For measurable spacse $(\Omega, \mathcal{F})$ and $(\mathbb{R}, \mathcal{B}_{\mathbb{R}})$ , $(\mathcal{F}, \mathcal{B}_{\mathbb{R}})$ -mearsuable function $X : \Omega \to \mathbb{R}$ is called random variable. Namely, $X^{-1}(B) \in \mathcal{F}\qquad \forall B \in \mathcal{B}_{\mathbb{R}}.$

A probability (or probability measure) on $(\Omega, \mathcal{F})$ is measure $P : \mathcal{F} \to \mathbb{R}$ such that $P(\Omega) = 1$ .

If $X$ is a random variable,

expectation: $\displaystyle E(X) := \int X dP$
variance: $\sigma^{2}(X) := E\left[ (X - E(X))^{2} \right] = E(X^{2}) - E(X)^{2}$

The (probability) distribution of $X$ is a probability on $\mathbb{R}$ , $P_{X} : \mathcal{B}_{\mathbb{R}} \to \mathbb{R}$ such that $P_{X}(B) := P(X^{-1}(B)).$

The distribution fuction of $X$ is defined as $F_{X}(a) := P_{X}\left( (-\infty, a] \right) = P(X \le a).$

For any finite sequence of random variables $\left\{ X_{i} \right\}_{i=1}^{n}$ , random vector $(X_{1}, \dots, X_{n})$ is defined as a map from $\Omega \to \mathbb{R}^{n}$ : $(X_{1}, \dots, X_{n})(x) := (X_{1}(x), \dots, X_{n}(x)).$ Note: $(X_{1}, \dots, X_{n})^{-1}(B_{1} \times \cdots \times B_{n})= X_{1}^{-1}(B_{1}) \cap \cdots \cap X_{n}^{-1}(B_{n})$ .

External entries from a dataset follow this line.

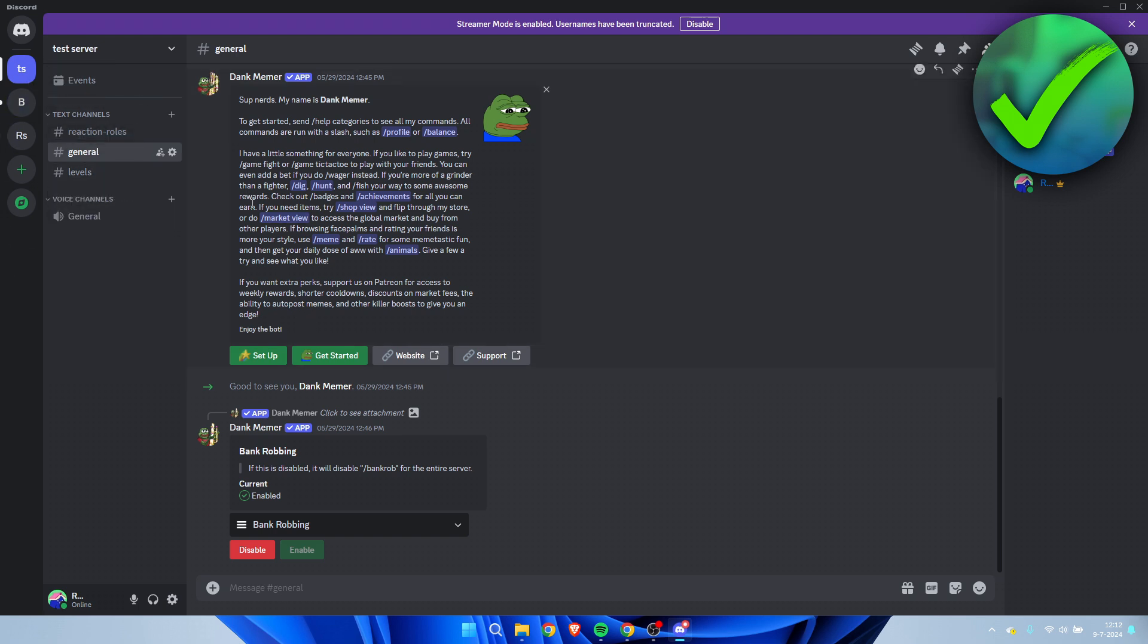Now if you want to change the region, you need to first of all have a voice channel that pretty much just determines in what region your server is based.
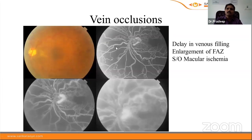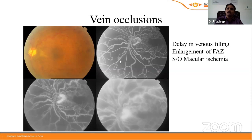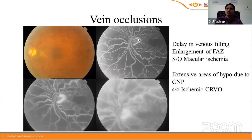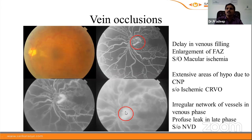In ischemic CRVO on FFA, the foveal vascular zone is significantly enlarged and distorted, indicating macular ischemia. Multiple areas of hypofluorescence due to non-perfusion are present. An irregular network of vessels showing increase in size and intensity over time is suggestive of neovascularization at disc, confirming ischemic central retinal vein occlusion with neovascularization at disc.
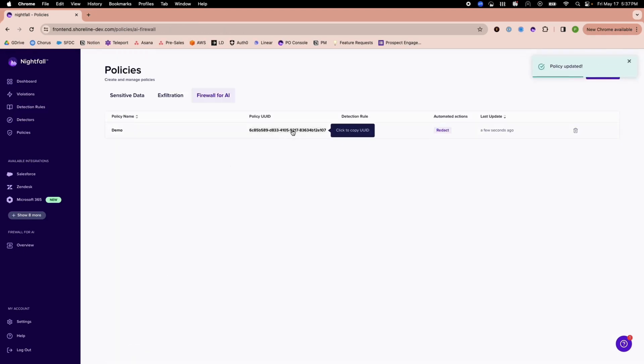Now I have a policy UUID and an API key that I will copy and use to make my API call.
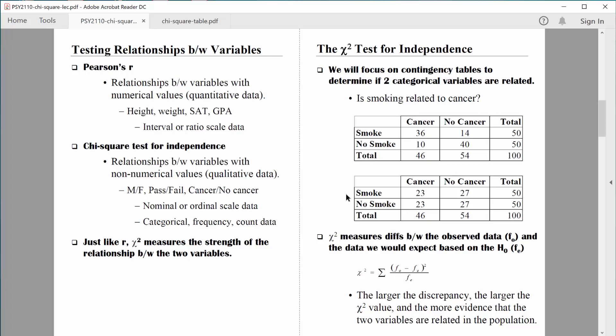This second table shows the frequencies we would expect to find if there was absolutely no relationship between smoking status and cancer status — so write 'expected' here.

For $(X, Y) : \Omega \to \mathbb{R}^{2}$ , $(X, Y)^{-1} (a, b) = \left\{ x \in \Omega : X(x) = a \right\} \cap \left\{ x \in \Omega : Y(x) = b \right\}.$ Thus, for all Borel sets $B_{1}$ and $B_{2} \in \mathcal{B}_{\mathbb{R}}$ we have $(X, Y)^{-1}(B_{1} \times B_{2}) = (X, Y)^{-1}(B_{1}, B_{2}) = X^{-1}(B_{1}) \cap Y^{-1}(B_{2})$ and extending to $\mathbb{R}^{n}$ we obtain $\begin{equation} \begin{aligned} (X_{1}, \dots, X_{n})^{-1}(B_{1} \times \cdots \times B_{n}) &= (X_{1}, \dots, X_{n})^{-1}(B_{1}, \dots, B_{n}) \\ &= X_{1}^{-1}(B_{1}) \cap \cdots \cap X_{n}^{-1}(B_{n}). \end{aligned} \end{equation}$

The joint distribution of $X_{1}, \dots, X_{n}$ is a probability distribution of $(X_{1}, \dots, X_{n})$ : $P_{(X_{1}, \dots, X_{n})} : \mathcal{B}_{\mathbb{R}^{n}} \to \mathbb{R},$ $P_{(X_{1}, \dots, X_{n})}(B_{1} \times \cdots \times B_{n}) := P\left( (X_{1}, \dots, X_{n})^{-1}(B_{1} \times \cdots \times B_{n}) \right).$

Independency

For an event $E$ such that $P(E) \gt 0$ , a probability on $\Omega$ $P_{E}(F) = P(E|F) := P(E \cap F)/P(E)$ is called conditional probability on $E$ .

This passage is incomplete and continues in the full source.